Bolsonaro’s term has seen a reprehensible degree of omission and impunity in the Amazon as protection agencies have been defanged and defunded, with deforestation, increased conflict, and invasion of indigenous lands ensuing, as well as the killings of indigenous leaders and environmentalists. This, we learn, is justified in bolsonarismo by its view of the land as an El Dorado (with freelance miners thus given free reign). This would consequently be Brazil’s path to enrichment. In this, Bolsonaro is portrayed as picking up where the military dictatorship left off.

But viewers are being served the falsest of dichotomies: jobs, wealth, and development against saving the planet. Anyone would be excused for choosing the former, especially struggling workers, if this were indeed the choice. But it isn’t, and it is precisely the dichotomy that fervent Bolsonaro supporters seek to present to the public.

The incursion into the deepest reaches of Brazil’s interior in pursuit of expanding primary production — agriculture and extractive industries — is an acceleration of Brazilian de-development. Brazil is a poster boy for premature deindustrialization for its diminution of manufacturing as a share of output and employment at a still relatively low income level (well below where advanced economies were at during the same time in the 1980s, for instance).

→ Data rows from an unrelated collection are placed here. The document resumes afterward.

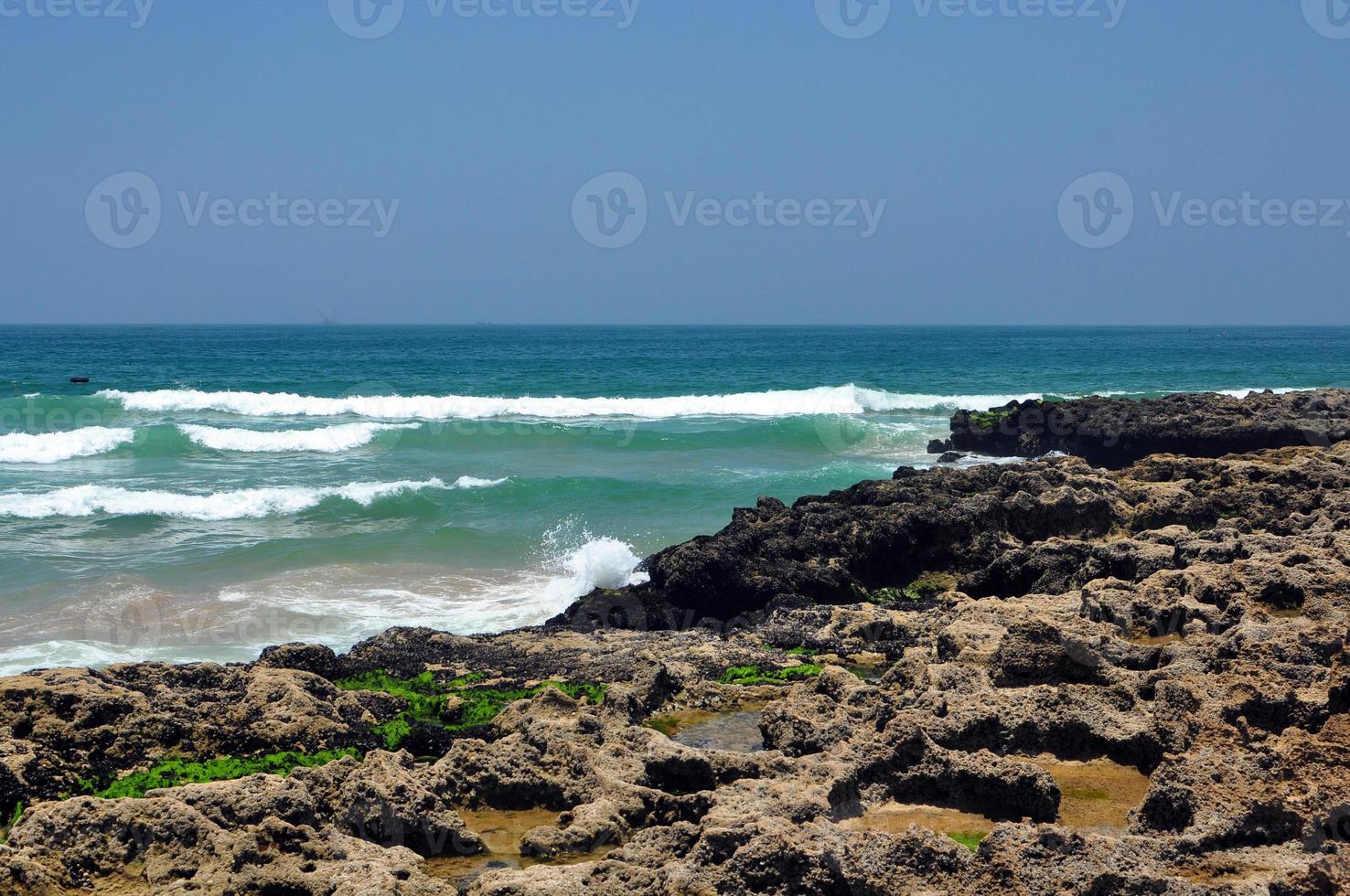 paisagem da praia de taghazout foto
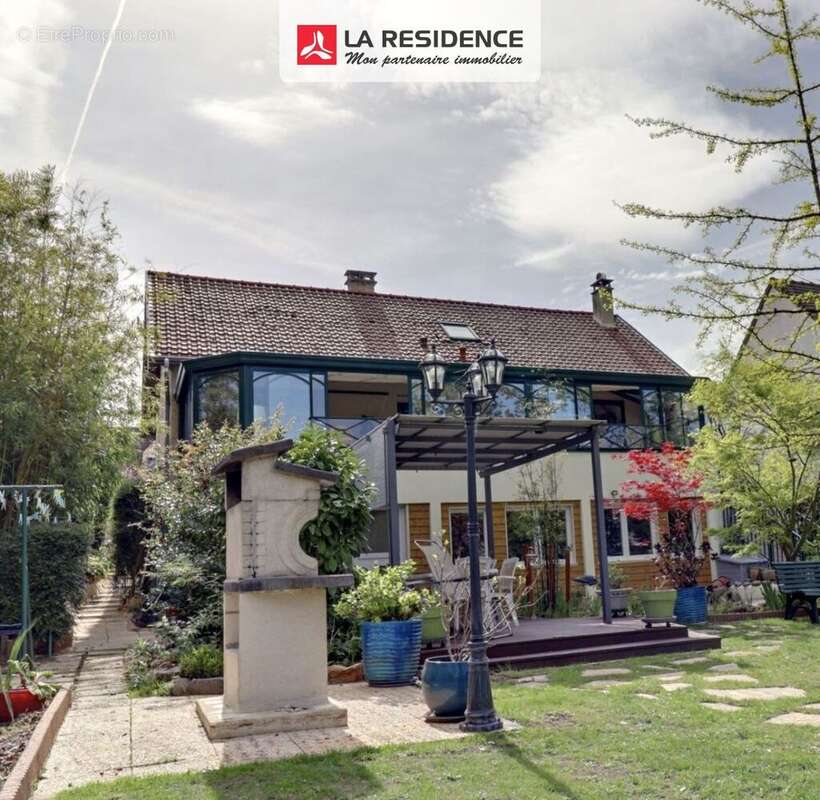Maison à LA QUEUE-LES-YVELINES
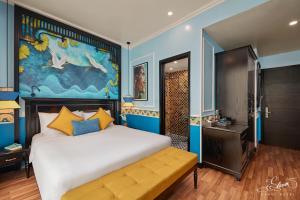 河内Eliana Signature Hanoi Hotel的卧室配有一张大床,墙上挂有绘画作品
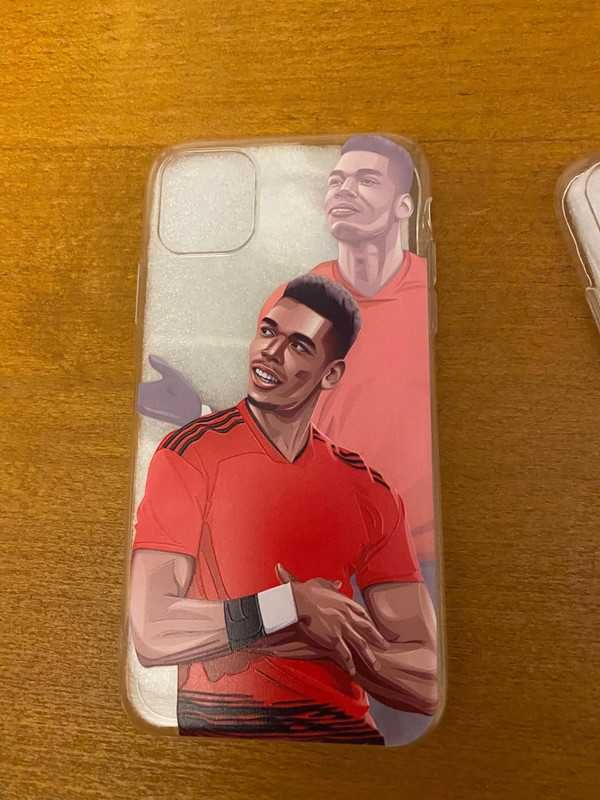 capas para iPhone 11 nunca usadas.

No political force is seriously seeking to reverse this tendency, one that intensified over the Workers’ Party’s period in power and that a new government will have to face up to if Lula is victorious. This was one of the reasons that party’s political base shrank, and it cannot be explained away by citing the constraints after taking power or blaming the right-wing counteroffensive, given the implications for the Brazilian working class and the country’s future as a whole.

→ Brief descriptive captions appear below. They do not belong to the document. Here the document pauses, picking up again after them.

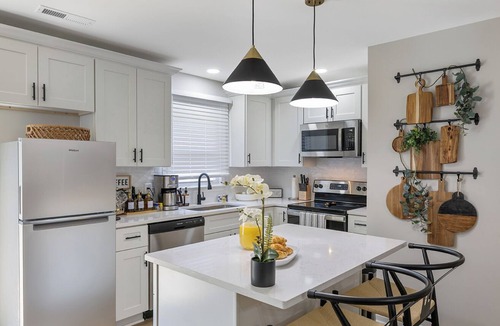 Paw Creek House | Private Backyard Oasis/3BR CLT Home/Sleeps 6/Near Airport/Free 3pm Checkout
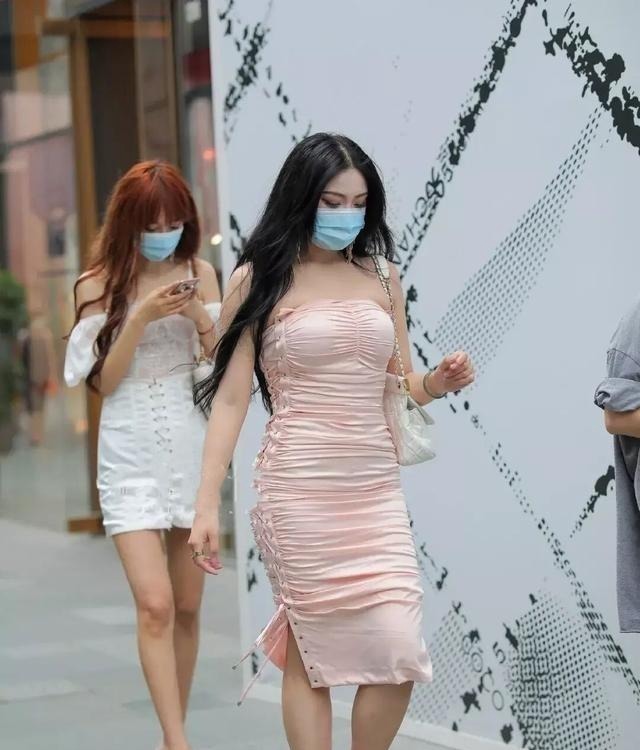 粗糙 丰腴凹凸的连衣裙美女，让着装造型远离廉价感，超级吸睛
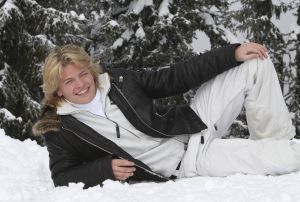 9-04-2008 SHOWBIZZ; MUZIEK, FEESTEN, LACHEN, GENIETEN EN VEEL SNEEUW. Het was weer een groots feest voor de grootste familie van Nederland de Trosfamilie. Het Tros muziekfeest brengt je vanuit Westendorf een spetterend feest met het programma Blij dat ik glij en het  Muziekfeest in de sneeuw. De Tros gasten werden getrakteerd op oa. Frans Bauer- Thomas Berge - Wolter Kroes - Jan Smit - Charlene - Rene Froger - Corry Konings - Jeroen v.d.Boom en vele anderen. Wil je 2.5 uur  genieten van een gezellig avondje Tros met Nederlandse muziek kijk dan vrijdag 11 April naar Nederland 1.
foto: Albert den Iseger.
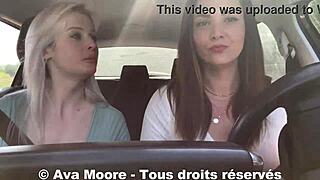 Lucky Guy Feels Ecstasy As Two Girls Suck Him On Road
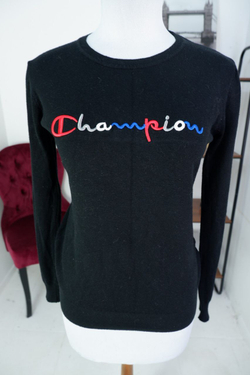 Джемпер CIYAS с яркой вышивкой 44 размер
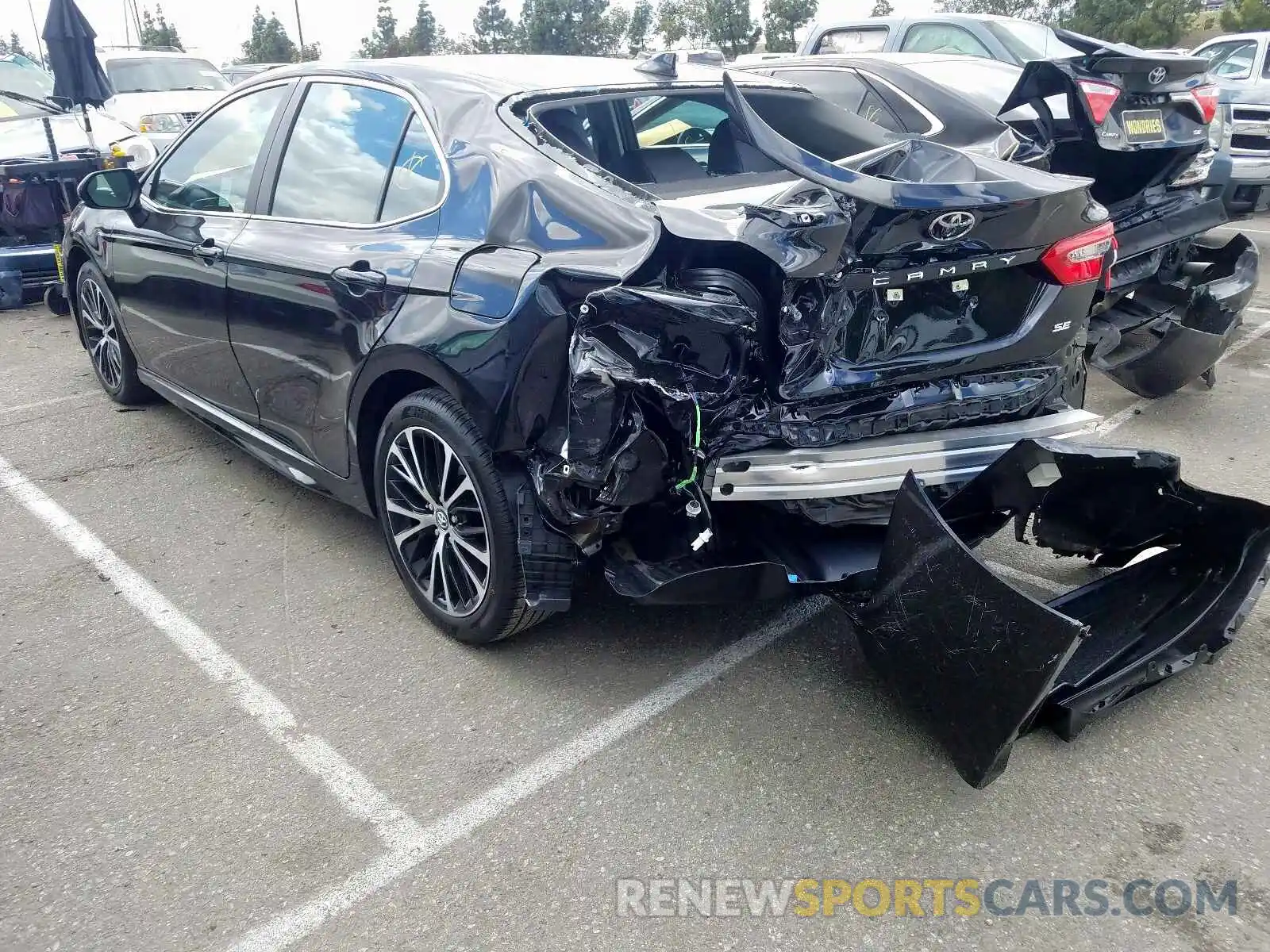 3 Photograph of a damaged car 4T1G11AKXLU920261 TOYOTA CAMRY 2020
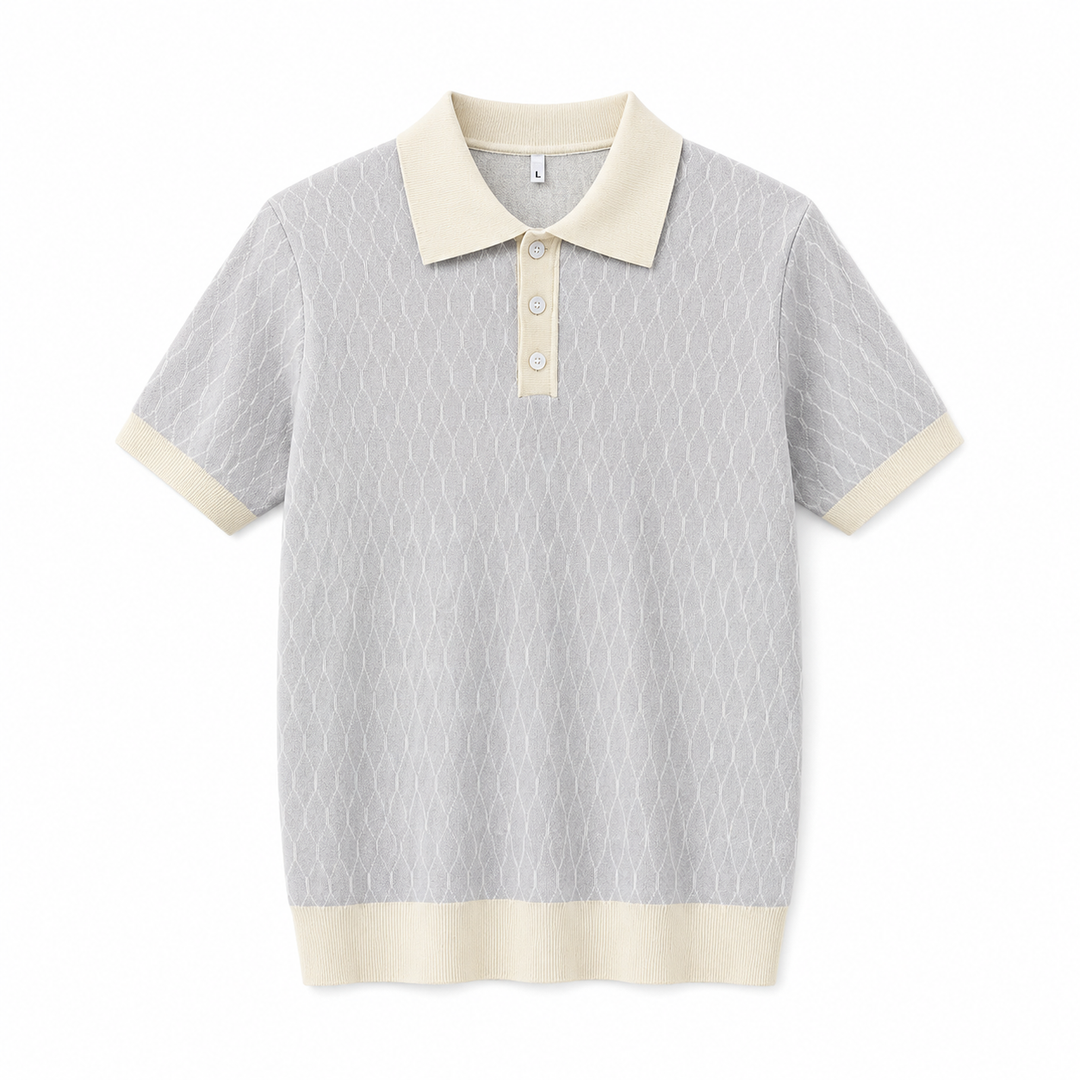 Komfortabel herre pikéskjorte med kortermet, strikket design. Perfekt for sporty fritid og aktiv sommerbruk.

The reality is that the destruction of the Amazon is not a sad consequence of development but a reflection of its failure. The Workers’ Party may have done a decent job of slowing deforestation, while Bolsonaro has encouraged it, but both are working within the same set of limited choices. The disaster of Bolsonaro is that he represents an acceleration of Brazil’s worst developmental tendencies.

These are, sadly, issues hardly unique to Brazil. The entry ramp to development looks closed off for most, while the consequences, such as deepening inequality, sclerotic politics, and spectacular populism, are quasi-universal today.

The weakness of the opposition to Bolsonaro is evident in that it has not managed to present a truly alternative vision. “Don’t be a bigot, don’t destroy the state, don’t make society more violent, don’t burn up the Amazon” is preferable to its opposite, but it serves only as a containment of the Brazilian crisis, not its resolution. It is no wonder then that the opposition seemed ineffective and lost until Lula returned to the political scene in March 2021 — and one wonders how much road there is left in lulismo anyway.

Ultimately, though Rise of the Bolsonaros is hardly a poor documentary, it reflects this stance. The producers should maybe not be held entirely responsible; if you seek only to document, you cannot invent an ideological pole of opposition where there isn’t one, you can only reflect back what’s there.

In the end, we are left with a documentary that presents itself as “crazy goings-on in goofy old Brazil” but that also concludes the world is going to end if Bolsonaro is reelected. Deep historical criticism remains wanting; it’s more Arrested Development than it is the crucial tale of arrested development.